To paraphrase Douglas Adams, Game Of Thrones is big – vastly, hugely, mind-bogglingly big. And even two seasons of a very dense TV series are piddling and insignificant next to the sprawling majesty of George RR Martin's A Song Of Ice And Fire novels; way too much, in fact, to cram into one 192-page book. Even so, this companion to the TV incarnation offers a decent crash course in the basics of Westeros lore.
For anyone yet to read Martin's novels, the book is a godsend. For all its epic brilliance, Game Of Thrones ' multiple complex story threads can leave you befuddled, but thanks to profiles of the major characters, family trees and more, you soon know how to tell a Greyjoy from a Tyrell.
The book's also a solid "Making Of". Author Bryan Cogman (a story editor on the series) has interviewed the show's key creative forces, and between them they reveal the attention to detail that's gone into realising the Seven Kingdoms. Particular focus is given to pivotal scenes like the storming of King's Landing, and it's here – when things get properly geeky – that the book's at its best.

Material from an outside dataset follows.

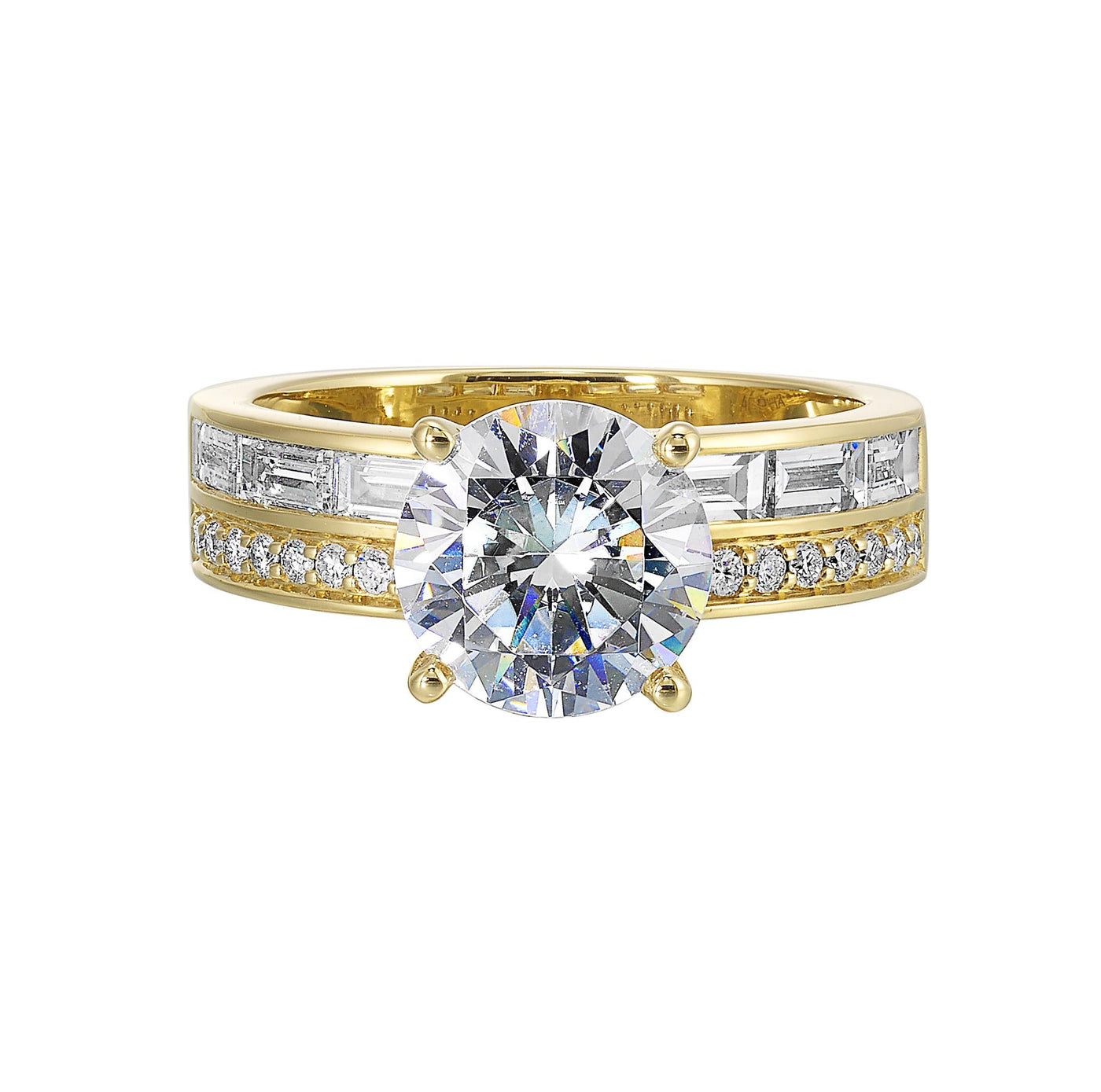 14K Yellow Gold 2.87ctw 4 Prong Lab Grown Diamond Engagement Ring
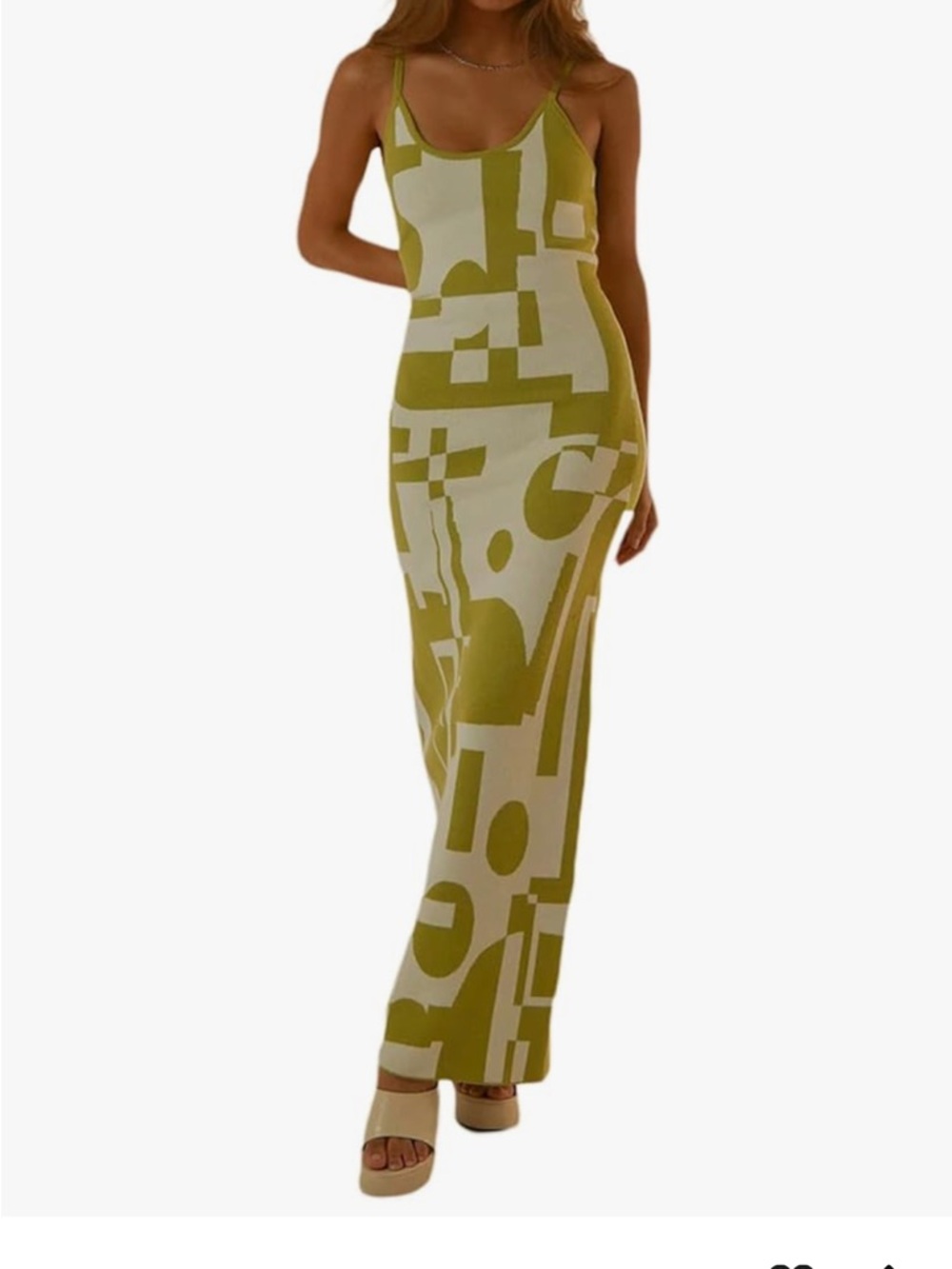 Olive Green Spaghetti Strap Midi Dress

The endeavour’s let down by the choice of images. The costume designs and concept art are fantastic but they're underused, with priority being given instead to stills and uninspiring behind-the-scenes shots. And because it only goes up to the end of season two, it does feel incomplete – don’t be surprised if this show spawns a behind-the-scenes series as long as Martin’s epic book sequence.